Mrs Lopes, then Miss Bentley, selected the toaster from a department store in Ipswich as a present for her parents' silver wedding anniversary.

At the time, they were still something of a luxury - with most people still toasting bread over the open fire or on the kitchen stove.

Then in 1949, Morphy Richards introduced the first popular British-made automatic toaster in a chrome finish.

It was this that caught the eye of Mrs Lopes, who was working for the Civil Service and used a sizeable chunk of her wages to buy the new gizmo for around £4 4s.

Her parents were "delighted" with the gift and the toaster was swiftly put to regular use at the family home in Ipswich.

When Mrs Lopes married Carl, an RAF flight lieutenant, she moved abroad.
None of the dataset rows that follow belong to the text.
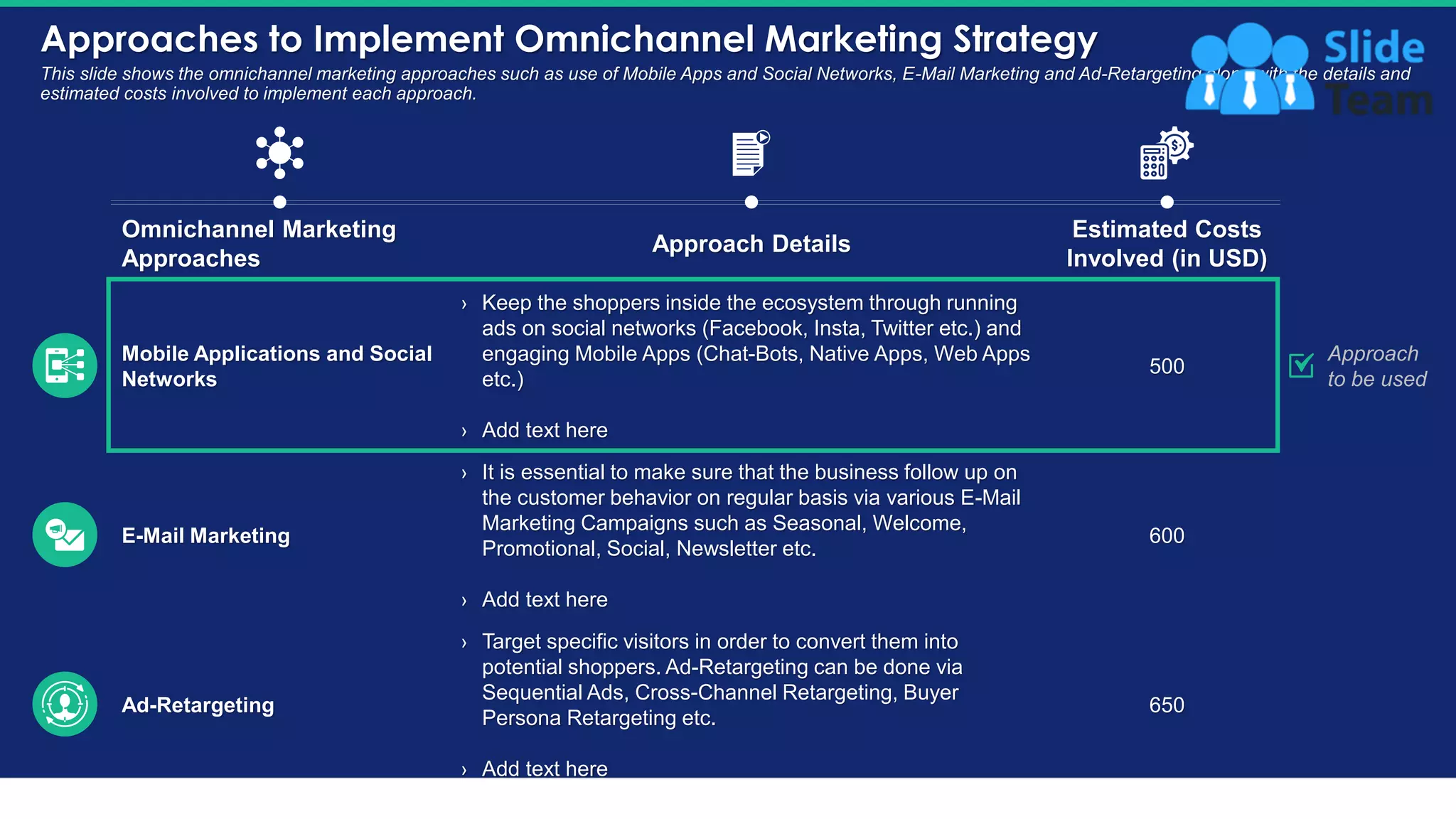 Approaches to Implement Omnichannel Marketing Strategy
12
This slide shows the omnichannel marketing approaches such as use of Mobile Apps and Social Networks, E-Mail Marketing and Ad-Retargeting along with the details and
estimated costs involved to implement each approach.
Omnichannel Marketing
Approaches
Approach Details
Estimated Costs
Involved (in USD)
Mobile Applications and Social
Networks
› Keep the shoppers inside the ecosystem through running
ads on social networks (Facebook, Insta, Twitter etc.) and
engaging Mobile Apps (Chat-Bots, Native Apps, Web Apps
etc.)
› Add text here
500
E-Mail Marketing
› It is essential to make sure that the business follow up on
the customer behavior on regular basis via various E-Mail
Marketing Campaigns such as Seasonal, Welcome,
Promotional, Social, Newsletter etc.
› Add text here
600
Ad-Retargeting
› Target specific visitors in order to convert them into
potential shoppers. Ad-Retargeting can be done via
Sequential Ads, Cross-Channel Retargeting, Buyer
Persona Retargeting etc.
› Add text here
650
Approach
to be used
This slide is 100% editable. Adapt it to your needs and capture your audience's attention.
But her parents Edward and Connie Bentley kept using the toaster.

In 1977 Mrs Lopes and her husband, both 80, moved back to the city from Germany and Mrs Bentley, a widow, moved in with them, bringing the toaster with her.
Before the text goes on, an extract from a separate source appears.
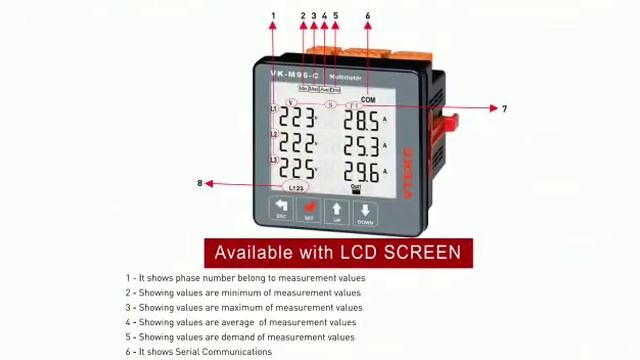 Digital multimiter VK-M96-C смотреть онлайн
"It's been in almost constant use since then," said grandmother-offour Mrs Lopes, who now lives in Hadleigh, near Ipswich.

"It doesn't get used every day, but probably three or four times a week. In fact, my husband used it this morning. It still looks quite contemporary.

"I don't really question how it has kept going so long, it's become a part of the family after all this time.

"But it does seem the more modern appliances never last very long, they have built-in obsolescence."

In its six decades of service the only part ever to be replaced on the toaster has been the cable.

Automatic toasters first appeared in Britain in the late 1930s. The Morphy Richards, influenced by pre-war American models, was patented in 1948.